If industries and companies go out of business, the immediate loss may be that of the employees, management and entrepreneurs but the repercussions and long-term negative impacts are felt on the entire economy. In a critical time like the pandemic, the majority of businesses suffer production and sale and, more importantly, returns. Their capitals start shrinking. The longer is the pandemic the more the capital shrinkage. Continuation of such an industrial and business environment is not desirable. So governments come forward to bail out the manufacturing units.
The problem here, though, is a drop in demands for products or commodities. Now comes the question of revving up of consumer demands. But when mass unemployment in the informal sector has its reduced demand for commodities, the problem of livelihoods also warrants a recipe for redress. And that recipe, as economists in the opposite camp of non-intervention or limited intervention favour, is active intervention in fields like externalities, public goods and monopoly power. Here the law of diminishing returns proves its utility. There is no reason why in a crisis situation it will be less effective.
The law of diminishing returns shows that addition of substantial amount to higher income increases happiness or utility only marginally. Supposing a person's annual income increases from Tk 2.5 million to Tk 3.0 million, s/he may drive a better brand of costlier car as a status symbol but adding only negligible utility. On the other hand, if one drawing a salary of Tk 50,000 a month has a 10-20 per cent monthly enhancement, the person's living standard improves substantially. So, the theory of redistribution of diminishing returns can be effectively used if the government so desires.
The case for such redistribution is even stronger now. After all, the government has extended the prop for businesses to stand on their feet. Also, companies have to be less exploitative considering the long-term benefits of returns from an ever expanding consumer base at home. As for the exportable, competitiveness in the international market decides the fate of exporters. Here also, a loophole exists that manufacturers in countries like Bangladesh take advantage of, in order to stay more competitive than they really would have been. The government's role as an interventionist is again necessary to ensure that labour is not made cheaper than a certain limit where a moderately decent living eludes workers.
It must be admitted that the pandemic, instead of adversely impacting, has boosted some businesses.

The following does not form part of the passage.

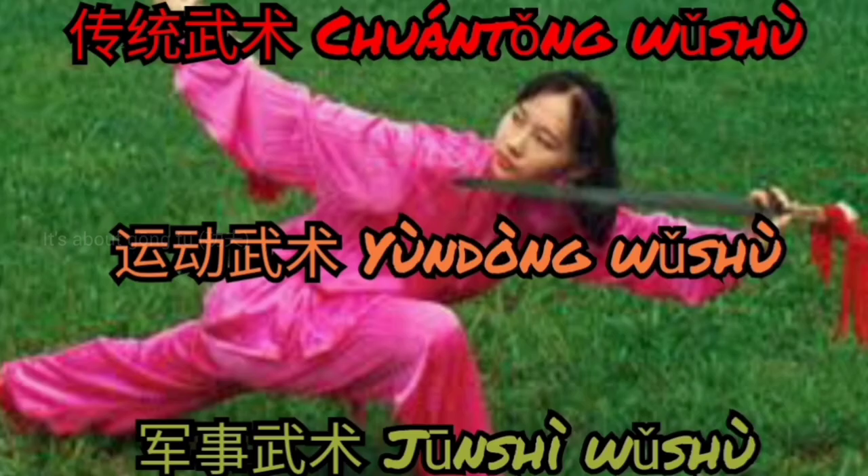We can divide Chinese martial art, or Junguo Ushu, into three different types: Chuantong Ushu, Yundong Ushu, and Junshi Ushu.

These are exceptions but a reality all the same. Such exceptions are the pharmaceuticals and a handful others like those producing personal protective equipment (PPE). In cases like these, the government intervention is necessary to ensure that the consumer rights are duly protected under the Consumer Rights Protection Act 2009. In the early months, face masks, sanitizer, disinfectants were on high demand and the price shot up abnormally. But when medicines including life-saving drugs become costlier for no reasons, it surely is a violation of the CRPA.
The problem in this country is that neither the government tends to enforce the laws nor are consumers sensitive enough to defend their rights. Adulterated foods, medicine and deceptive means resorted to by manufacturers, traders and retail shops have become a way of life. This is why sweetmeat outlets can dispose of a 200 gm packet at the same price of a kilogram of sweetmeat worth Tk 1,000. It is outright cheating. A customer purchases 800 gram instead of 1,000 sweets when served in such a packet.
No wonder that the government intervention produces nothing more than patchy results. At times its intervention ends up in failure. It has become more than evident in case of onion and potato ---in consecutive years for the former and this year after a long gap for the second. Over the past few years, farmers were even compelled to feed their cattle with potato instead of disposing those at prices below the cost for carrying to market.
So, an effective intervention is needed to address the artificial crises like this one on a permanent basis. Such an intervention must eliminate middlemen and build up a pool of transports along with warehouses or cold storages under government management and supervision. Alternatively, they can be gradually handed over to farmers through formation of their cooperatives. An arrangement of this order will ensure fair price for growers and consumers as well even in off seasons. There will be no scope for manipulation of market by creating artificial crises of staples or essentials. Thus the interests of both farmers and consumers will get protected.